The fourth quarter kicked-off with the necessary major contracts in place for the Segele Mine, which placed the project in a good position for acceleration. Solo Resources had already completed a great deal of the process plant design and fabrication work and IW Mining was preparing to arrive at site.

As many shareholders will be aware, IW Mining has successfully delivered a wide range of services, such as conveyor belt installations, drop raise training, face advance improvements, equipment reclamation and underground mining stoping and development to a number of major mining houses in South Africa over the past seven years. During October, the first team from IW Mining was on-site and, with their boots on the ground, the company broke ground for the first time. While being overseen by company engineers, the IW team began excavation of the incline shaft excavation ("boxcut") from which ore will eventually be extracted from the deeper parts of the ore body. Towards the end of the quarter, the mining team took delivery of the first set of underground mining equipment, with the rest scheduled to arrive at the start of 2023.

With respect to the process plant, by the end of the fourth quarter Solo Resources had completed all but the last details of the design. Fabrication was very close to completion before the Christmas break. Sadly, South Africa experienced an increase in the frequency and severity of the power outages which hampered the completion of the final parts, but the fabrication was completed by the time of writing. The team at Solo placed over 50 orders with suppliers in China, Australia and Canada, along with many in South Africa – and the progress, in general, was good during the quarter. The first parts of the processing plant were received at site during December and many more were received after the quarter closed. By the publication of this report all parts of the processing plant have been shipped.

An important development for the company was the hiring of an expatriate processing plant specialist, Manie Nianaber, from South Africa. He has experience of all the major equipment and systems used in the Segele process plant.

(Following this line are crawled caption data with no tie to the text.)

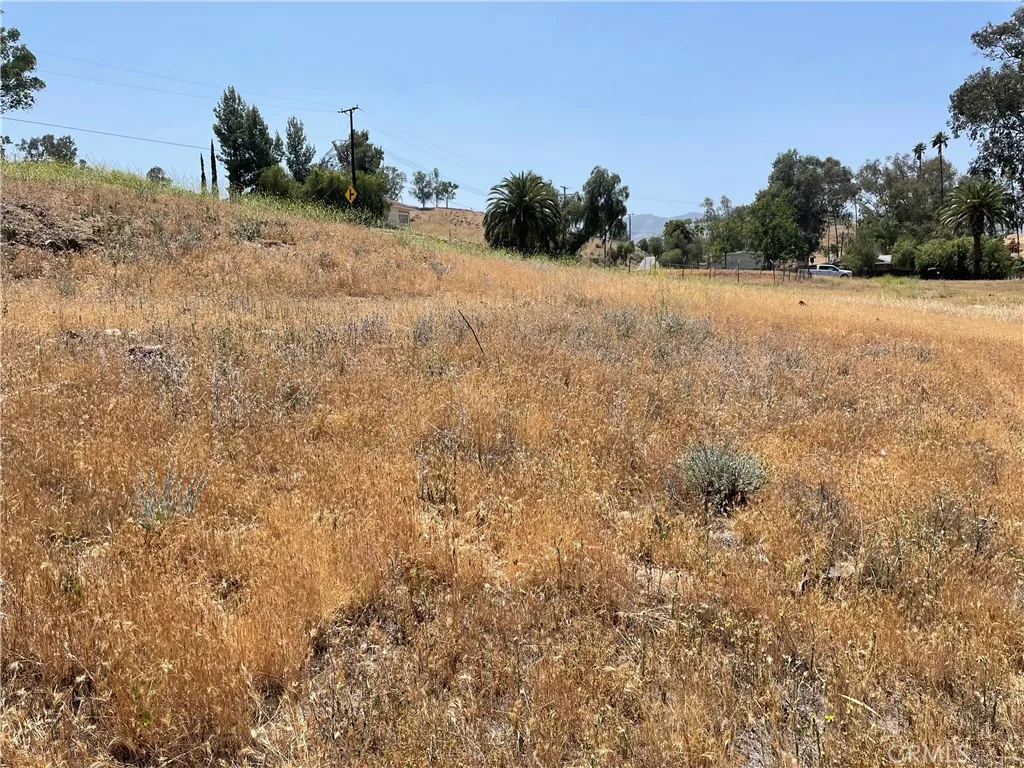 15 Riverside Lake Lake Elsinore, CA 92530 - Photo 13 of 34 a view of a field with trees in background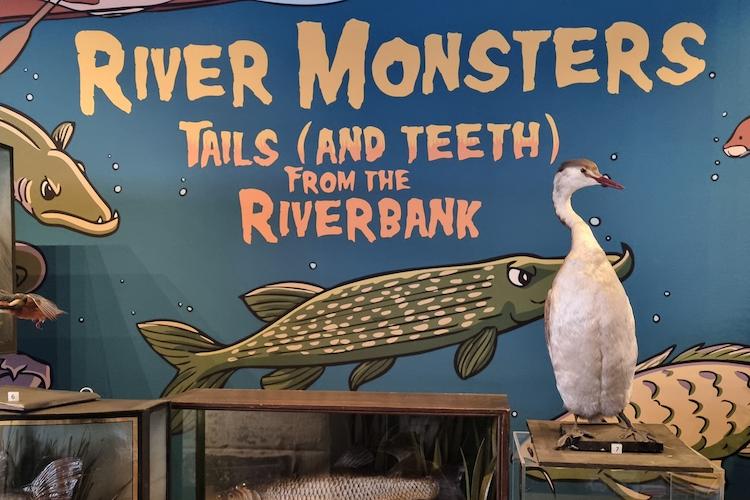 Image of the River Monsters exhibition featuring fish and river birds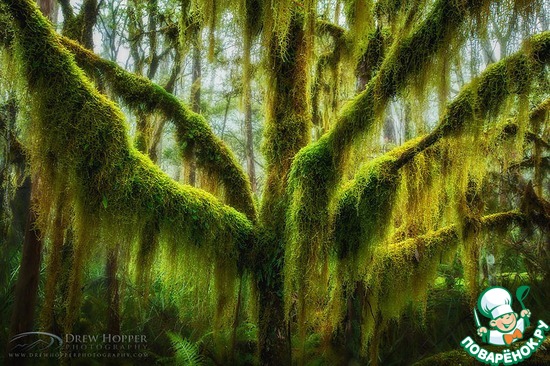 �������������� ���, ���������������� ��������� ����,  �������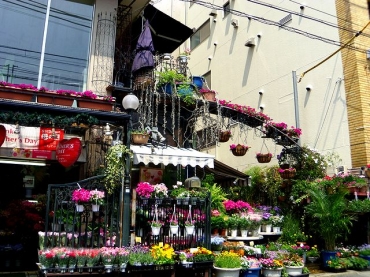 「花七生花店」　（神奈川県横浜市鶴見区）の花屋店舗写真2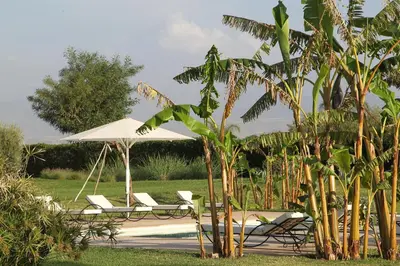 a couple of chairs and an umbrella and some trees at Dar Kamango in Marrakech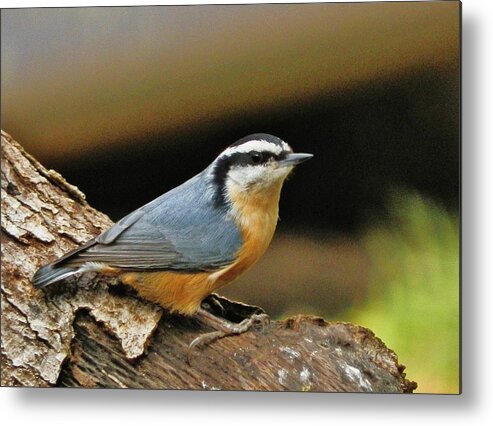Nuthatch Metal Print featuring the photograph Nuthatch Pose by VLee Watson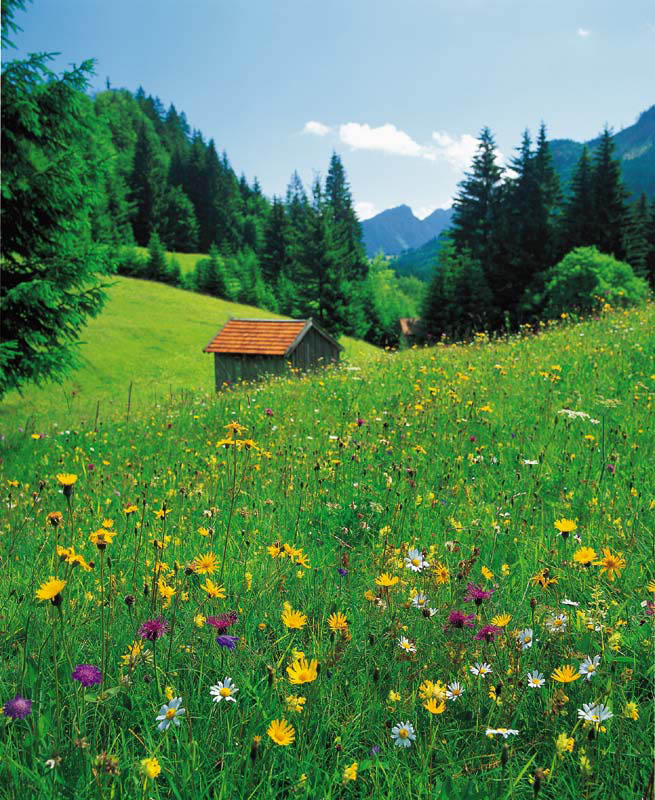 blumenwiese_im_algaeu.jpg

Manie will train and lead a team of Ethiopian employees to first production in the near future. Manie will recruit and train a team to run the process plant with the support of our partner companies, consultants and contractors.

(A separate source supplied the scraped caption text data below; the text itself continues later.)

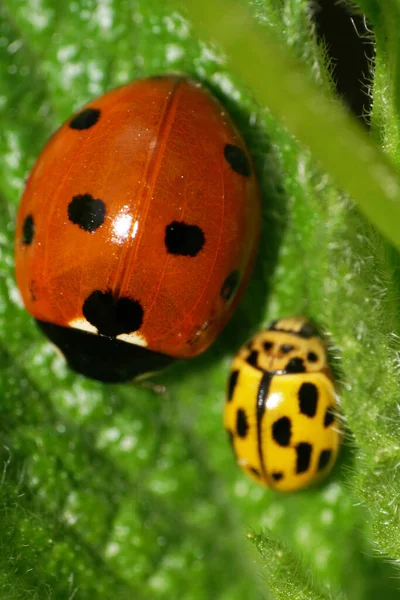 Macro Rouge Jaune Avec Des Taches Noires Coccinelle Caucasienne Reposant — Photo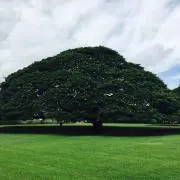 Hawaiian⭐︎の画像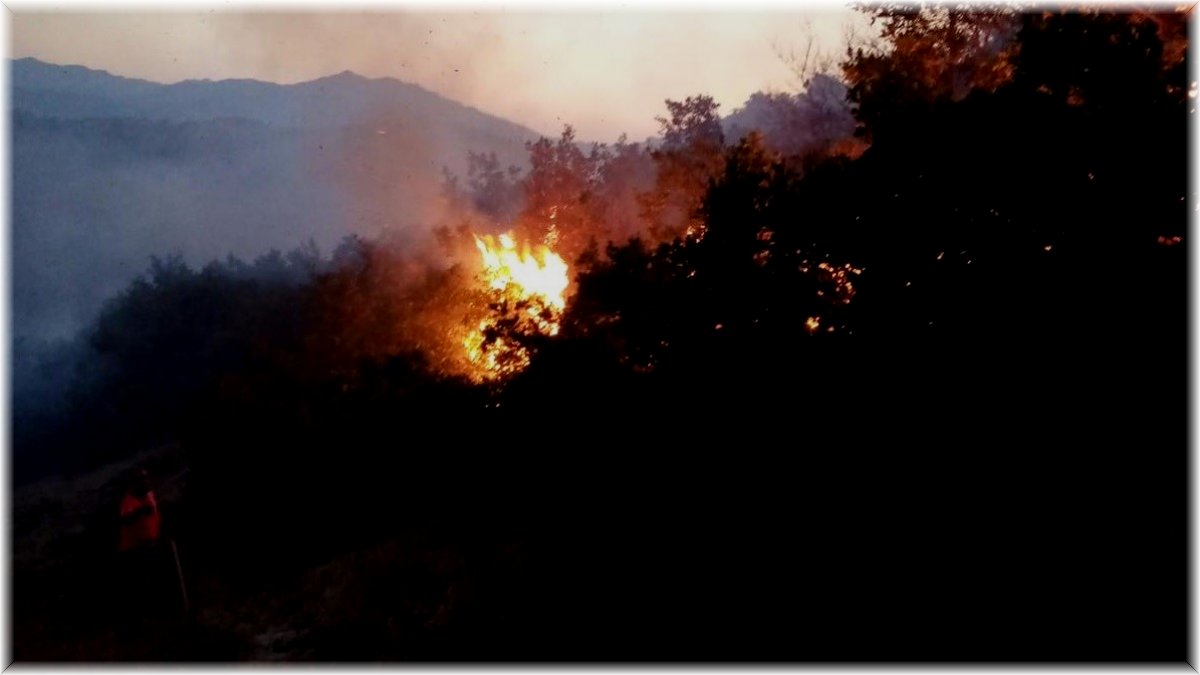 Bingöl’de orman yangını büyümeden söndürüldü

With Solo's record of successfully developing 31 plants previously, the company is well placed to supervise the installation and commissioning of Akobo's plant.

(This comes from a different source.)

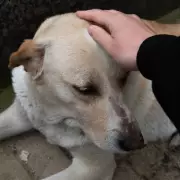 Heartbreaking Moment: Abandoned Dog Returns to Shelter After Family Rejection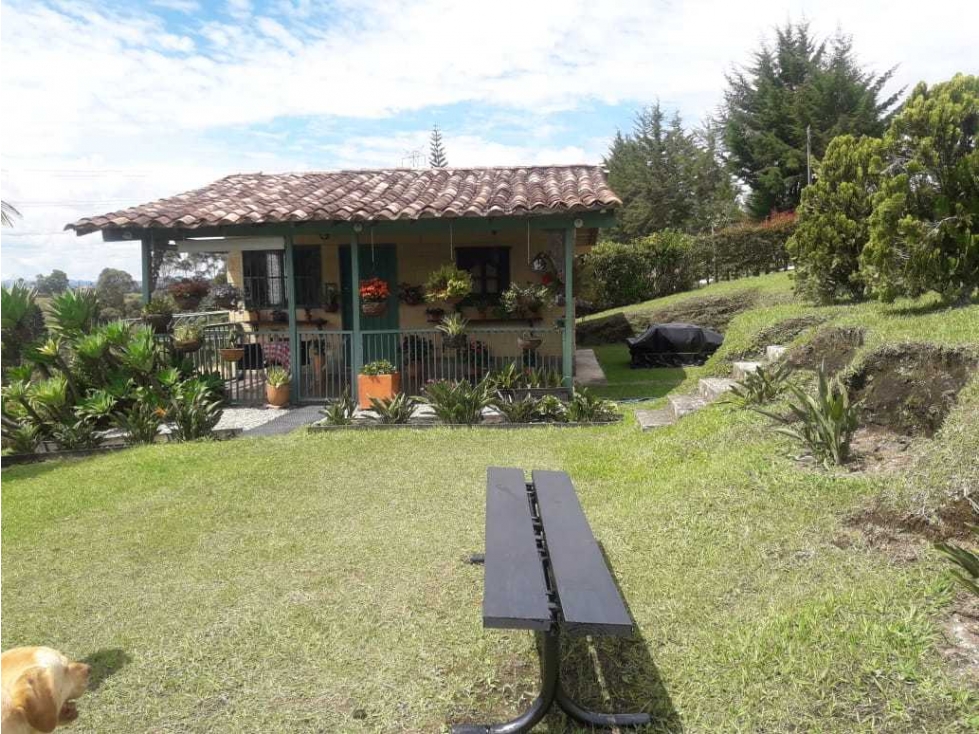 Venta Finca 10400m2 POT 3 casas Campo Alegre Marinilla cerca ALUNA — foto 6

Other important activities helped support safe mining and correct handling of the mine waste. This included the completion of the geotechnical study for the incline shaft boxcut, while rock strength tests were completed to support a high rate of production activities which will begin in the middle of 2023. This geotechnical work was undertaken by company geologists and Middindi Consulting to ensure the safety of the underground work and optimise production. Much of the design work for the tailings storage facility was completed and a contractor was sourced to perform the geotechnical testing.

EXPLORATION ACTIVITES

Drilling continued to be focused on the Segele mining license area. Geotechnical drilling in the plant area has been completed, along with all the sterilisation drilling in the area where the tailings storage facility is being constructed. The drill production rate improved during the quarter and the total drilling in Segele now stands at 19,000 metres.

In Segele, a new gold discovery was made – a high grade gold mineralisation with coarse visible gold hosted by an ultramafic chlorite schist. The mineralisation is located about 130 metres west of the main Segele mineralisation and, although the style of mineralisation has been known for several years from hand samples, the discovery of the source is a significant step forward. Trenching in the area has started, and drilling will begin at the end of January 2023.

The next six months will continue to see a diversification of the company's exploration efforts and with field programs at Joru, Gindibab and Wolleta – though we will maintain a continued focus on Segele. At Segele, drilling will be focused on the newly discovered mineralisation. The soil sampling program in Gindibab commenced in mid-January and at the time of writing over 300 samples have been collected for further analysis.

The goal of our near-mine exploration in the shorter-term is to investigate both extent and viability of the newly identified mineralisation to the west of the Segele main deposit. If possible, the exploration will provide us with enough data to perform 3D modelling of the mineralised envelope.

During the first quarter of 2023 Akobo Minerals also anticipates the start-up of a second drill rig to double our exploration drilling capacity. This will greatly improve the pace of discovery in the Akobo area.

ENVIRONMENTAL, SOCIAL AND GOVERNANCE

Each quarter our ESG efforts build on the achievements of the previous one and seek to address challenges faced. The fourth quarter has been no exception – as Europe was in the midst of preparing for Christmas and New Year celebrations, our work in Ethiopia was in full swing.

With MOUs in place with training and academic institutions at Dima Polytechnic, Jimma, Addis Abeba and Oslo Universities, we are excited to be contributing to the skills and academic development of Ethiopia's next generation, as well as benefitting from institutional support for our ESG programs and environmental monitoring. We see these collaborations as an important example of our extending shared value.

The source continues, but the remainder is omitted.